Posted: August 14, 2007

An advanced space-based Internet switchboard-in-the-sky and a Japanese direct broadcasting satellite were successfully hauled into space Tuesday aboard an Ariane 5 rocket, making its third flight of the year.

The 166-foot-tall Ariane 5 ECA rocket, fitted with two solid rocket boosters and a cryogenic upper stage, came to life at 2344 GMT (7:44 p.m. EDT) and sped away from its oceanfront launch pad. The rocket flew east away from the launch site at Kourou, French Guiana.

Credit: ESA/CNES/Arianespace
The heavy-lifting European rocket disappeared into low-hanging clouds seconds after liftoff, but tracking cameras recaptured picturesque images of the launcher as it ascended into sunlight a few minutes later.

The twin solid-fueled boosters, payload fairing and first stage were all jettisoned on time. The cryogenic upper stage completed the task of placing the satellite payloads into orbit.

Recovery ships were stationed east of Kourou to retrieve the solid rocket boosters after they parachuted into the Atlantic Ocean. Arianespace officials said the vessels will tow the spent motor casings back to Kourou for disassembly and analysis, but there are no plans to reuse the boosters.

Telemetry from the rocket confirmed the deployment of the Spaceway 3 and BSAT-3a payloads about a half-hour after liftoff. The Ariane 5 reached an egg-shaped transfer orbit stretching from a high point about 22,300 miles to a low point of 155 miles, with an inclination of about two degrees.

Arianespace officials declared the launch a success shortly after spacecraft separation, marking the Ariane 5 rocket's 19th consecutive successful launch.

"With this perfect launch of Ariane 5, you have once again seen a further demonstration of the excellence of European technology," said Jean-Yves Le Gall, Arianespace chairman and chief executive officer.

Spaceway 3 was first to separate from the rocket's upper stage. The 13,400-pound satellite will propel itself into a circular 22,300-mile-high orbit above the equator at 95 degrees west longitude.

The craft will be operated by Maryland-based Hughes Network Systems for more than 12 years, beaming Internet and multimedia services to businesses, government users and private consumers across North America. The spacecraft was built by Boeing Satellite Systems and is based on the Boeing 702 design.

"It's a defining moment for our company because for the first time, we will own a satellite on our own," said Pradman Kaul, chairman and chief executive officer of Hughes Network Systems. "We now can offer an end-to-end service where every piece of that service is provided by Hughes. I don't think there is any other company in the world today that can make that statement."
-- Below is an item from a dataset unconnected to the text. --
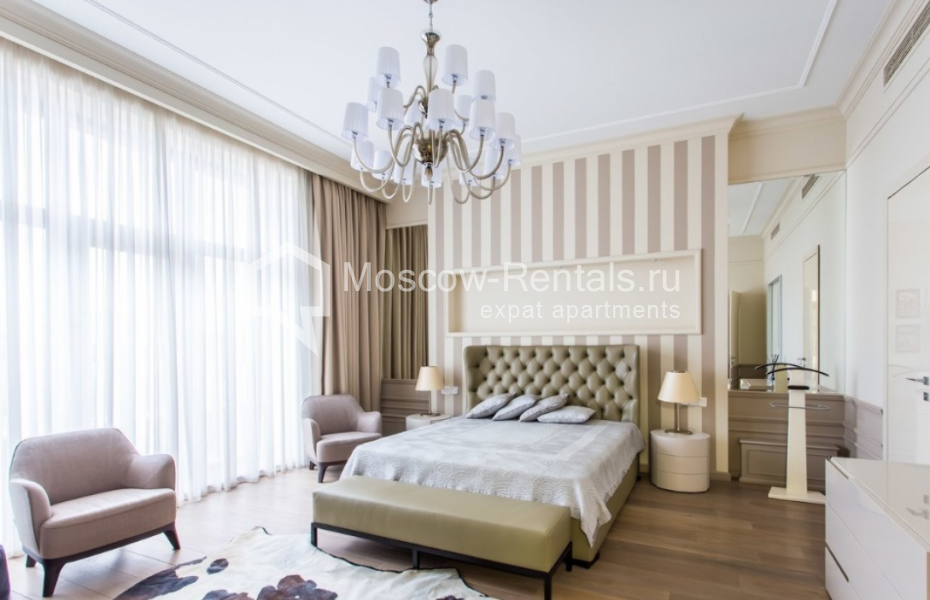 Photo #11 4-room (3 BR) apartment for <a href="http://moscow-rentals.ru/en/articles/long-term-rent" target="_blank">a long-term</a> rent
 in Russia, Moscow, Yakimanskyi lane, 6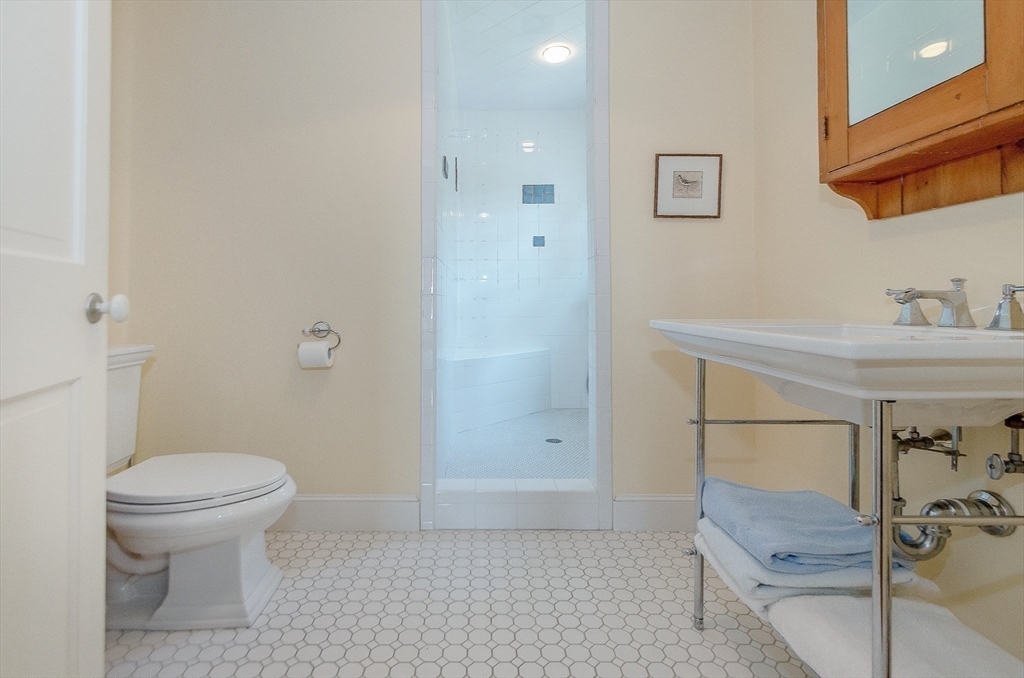 414 Point Road Marion, MA 02738 - Photo 23 of 42 a bathroom with a sink a toilet and shower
Spaceway 3 was originally tagged to fly into orbit aboard a Sea Launch Zenit 3SL rocket, but the ocean-based booster exploded on its floating launch platform in a catastrophic Jan. 31 failure. The accident caused Hughes to move Spaceway 3 to Arianespace, which has a strategic alliance with Sea Launch for such circumstances.
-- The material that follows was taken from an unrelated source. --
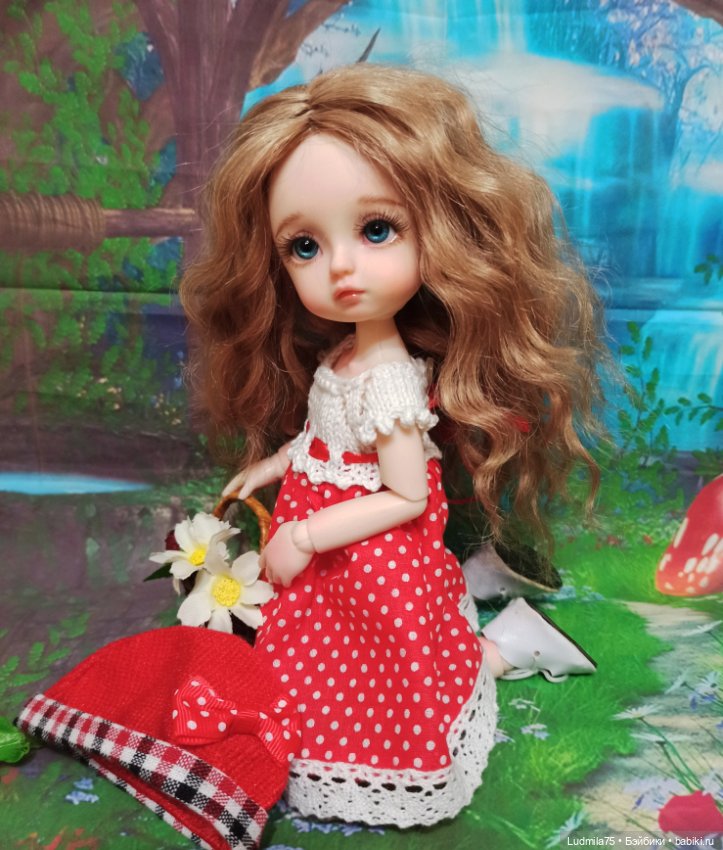 Красная Шапочка по лесу шла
"When we signed this contract last February, I committed to launch your spacecraft before mid-August," Le Gall said. "I think we did it with a little more than two hours in advance."

The high-tech satellite includes advanced antenna technologies that allow the Ka-band communications system to shape spot beams to meet real-time demands for broadband services.
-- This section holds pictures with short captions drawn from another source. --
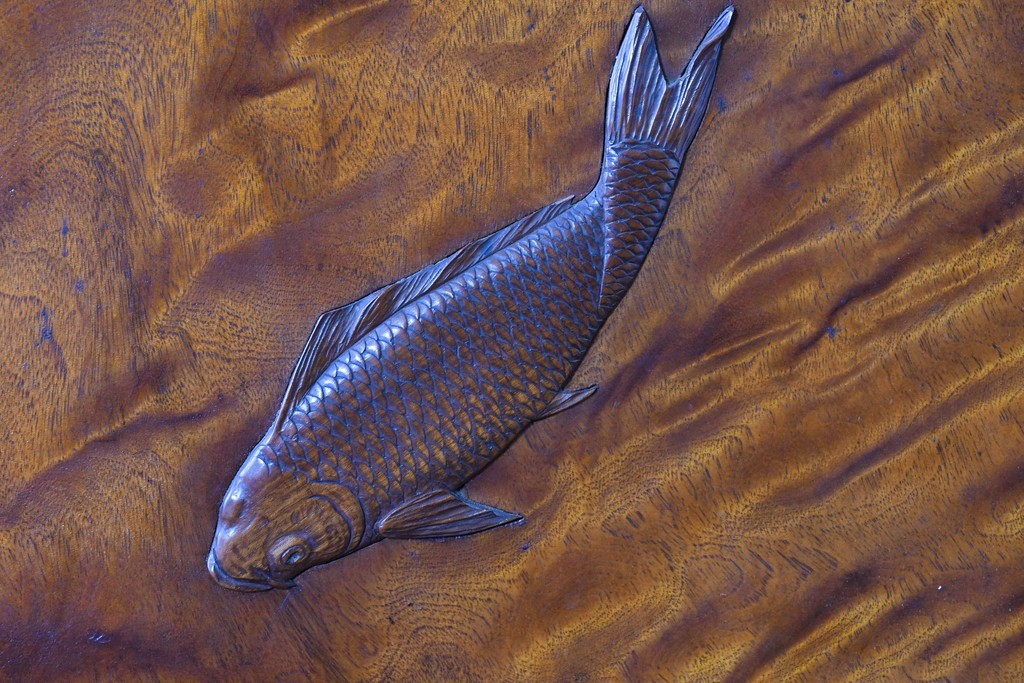 和製ヴィンテージ　上手物!!　作行きの良い逸品!!　栃の木一枚板・漆塗り　美しい鯉の彫刻の衝立　(R-085033)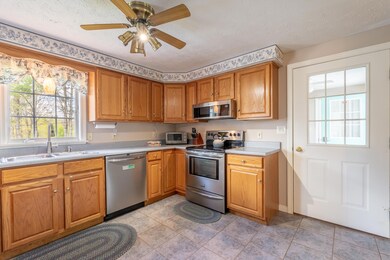 7 Cornfield Dr, Springvale, ME 04083 - photo 4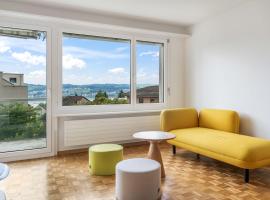 EXQUIS Design 3-Room Apartment KNOLL I Zurich Lake View I Balcony I Family-Friendly, ξενοδοχείο σε Männedorf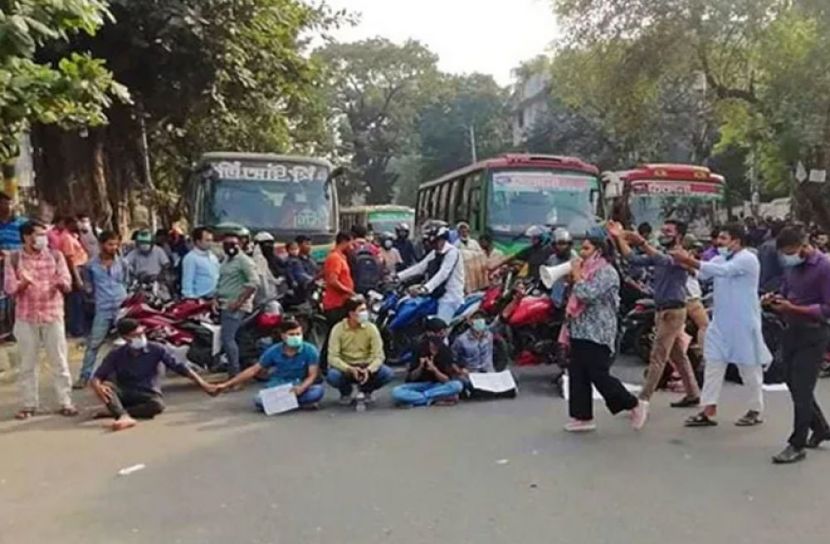 শিক্ষার্থীদের অবরোধ (ছবি: সংগৃহীত)
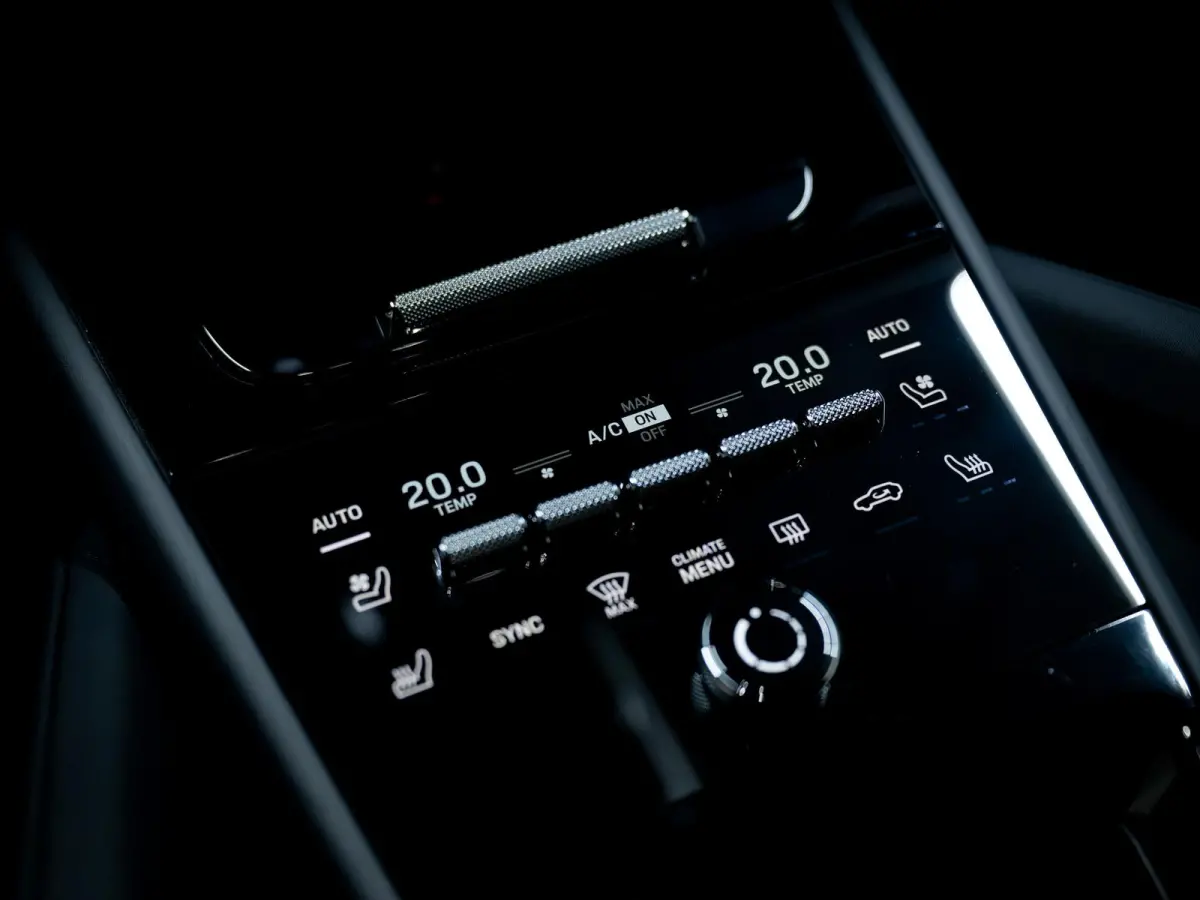 3.0 E-Hybrid Black Edition | SportDesign | Trekhaak | Achterasbest. | Sportuitlaat | HUD | Bijrijdersdisplay |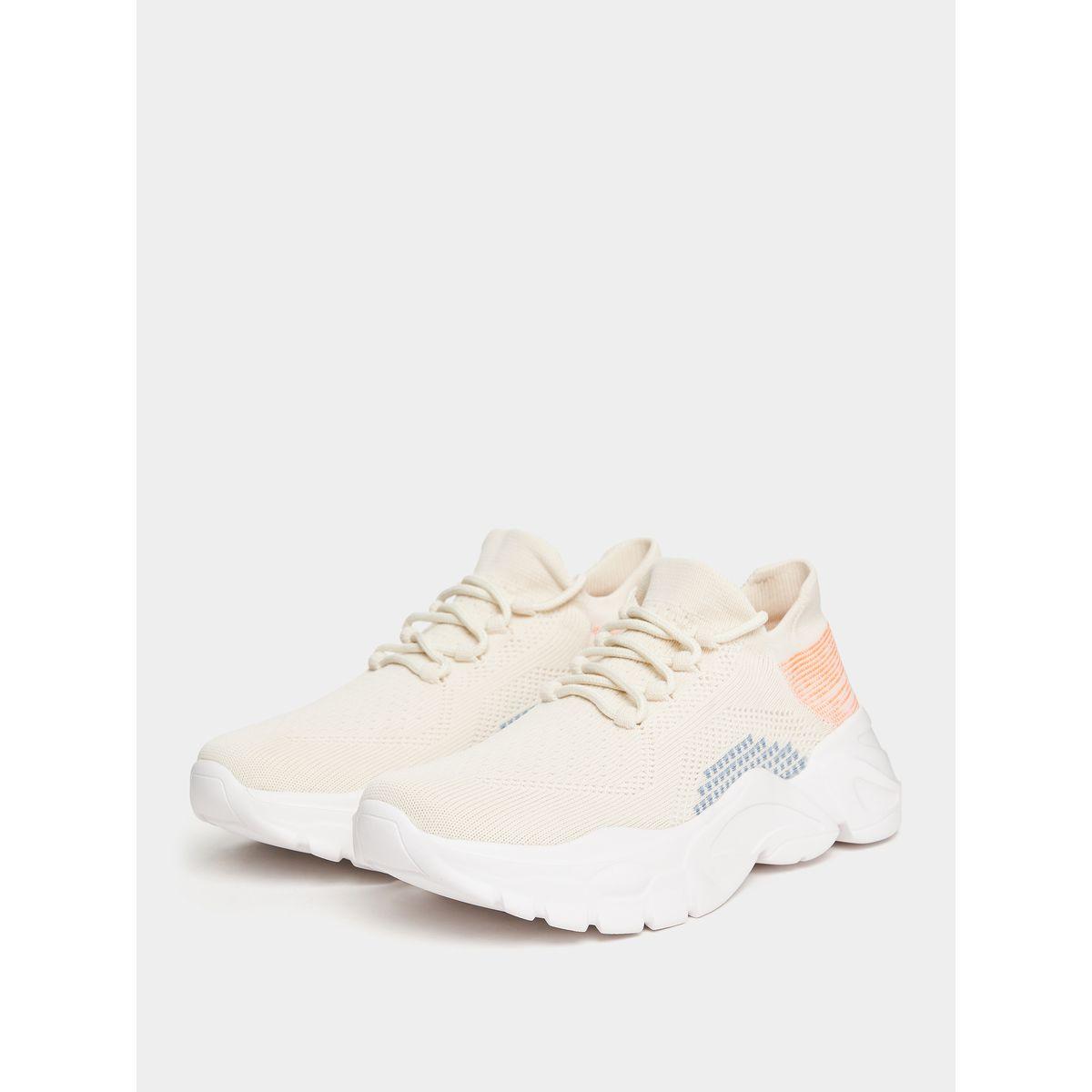 حذاء سنيكرز بنمط كتل الالوان-women-shoes-sneakers-image-2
A digital signal processor aboard Spaceway 3 will be able to switch and route broadband traffic, removing the need for a ground station, according to Hughes.

"We are very, very excited that we have the opportunity to move the world of broadband data access to the next level," Kaul said.

Boeing engineers will oversee the orbit-raising and commissioning phases of Spaceway 3's mission, and control of the spacecraft will be handed over to Hughes by the end of the year. Commercial service for Spaceway 3 should begin by next January.

Six-and-a-half minutes after deploying Spaceway 3, the Ariane 5 upper stage released BSAT-3a, a 4,365-pound satellite for the Broadcasting Satellite System Corp. of Japan.

"We hope that the safe and stable mission of BSAT-3a will continue until the end of [its] life," said Kenji Nagai, president and chief executive officer of BSAT Corp.

BSAT-3a is beginning a 13-year mission to beam direct-to-home digital television programming to customers across Japan. Built by Lockheed Martin, the satellite carries 12 Ku-band transponders, eight of which can operate at one time.

"BSAT-3a will provide direct broadcast links for the entire Japanese archipelago from its geostationary orbit and we are pleased that BSAT has entrusted Lockheed Martin with this important mission," said Marshall Byrd, vice president and general manager of Lockheed Martin Commercial Space Systems.

The craft joins a fleet of four other broadcasting satellites owned by BSAT Corp. The satellites provide a combination of analog and digital services.

BSAT-3a will be primarily used by NHK, Japan's largest broadcasting company and a nearly 50 percent shareholder in BSAT Corp. The satellite will broadcast programs to more than 20 million subscribers.

Arianespace's next launch is scheduled for late September, when an Ariane 5 GS rocket will orbit the Intelsat 11 and Optus D2 communications satellites.

Three more Ariane 5 missions are slated to round out the year, including next month's launch.